To solve this problem, we'll use the concept of related rates. Let's break down each part of the problem:
a. At what rate is the x-coordinate of the bug increasing when the bug is at the point (6, 36)?
Let's assume that the bug's x-coordinate is x, and its y-coordinate is y. Since the bug is moving along the right side of the parabola y = x^2, we have the equation y = x^2. We are given that the distance between the bug and the origin (which is √(x^2 + y^2)) is increasing at a rate of 4 cm/min. We need to find the rate at which the x-coordinate of the bug is changing, which is dx/dt.
Using the Pythagorean theorem, we have:
√(x^2 + y^2) = √(x^2 + (x^2)^2) = √(x^2 + x^4)

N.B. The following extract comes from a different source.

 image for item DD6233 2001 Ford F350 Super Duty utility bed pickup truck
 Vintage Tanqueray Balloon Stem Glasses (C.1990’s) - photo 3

Differentiating both sides of the equation with respect to time (t), we get:
(d/dt)√(x^2 + x^4) = (d/dt)4
Applying the chain rule, we have:
(1/2) * (x^2 + x^4)^(-1/2) * (2x + 4x^3 * dx/dt) = 0
Simplifying, we get:
x + 2x^3 * dx/dt = 0
Substituting the coordinates of the bug at the given point (6, 36), we have:
6 + 2(6)^3 * dx/dt = 0
Solving for dx/dt, we get:
2(6)^3 * dx/dt = -6
dx/dt = -6 / (2(6)^3)
dx/dt = -1 / 72 cm/min
Therefore, the x-coordinate of the bug is decreasing at a rate of 1/72 cm/min when the bug is at the point (6, 36).
b. Use the equation y = x^2 to find an equation relating dy/dt to dx/dt
We can differentiate the equation y = x^2 with respect to time (t) using the chain rule:
(d/dt)(y) = (d/dt)(x^2)
dy/dt = 2x * dx/dt
Using the equation y = x^2, we can substitute x = √y into the equation above:
dy/dt = 2√y * dx/dt
This equation relates the rate of change of y (dy/dt) to the rate of change of x (dx/dt) for points on the parabola y = x^2.
c. At what rate is the y-coordinate of the bug increasing when the bug is at the point (6, 36)?
To find the rate at which the y-coordinate of the bug is increasing, we need to determine dy/dt.
Using the equation derived in part b, we have:
dy/dt = 2√y * dx/dt
Substituting the given values at the point (6, 36), we have:
dy/dt = 2√36 * (-1/72)
Simplifying, we get:
dy/dt = -2/72
dy/dt = -1/36 cm/min
Therefore, the y-coordinate of the bug is decreasing at a rate of 1/36 cm/min when the bug is at the point (6, 36).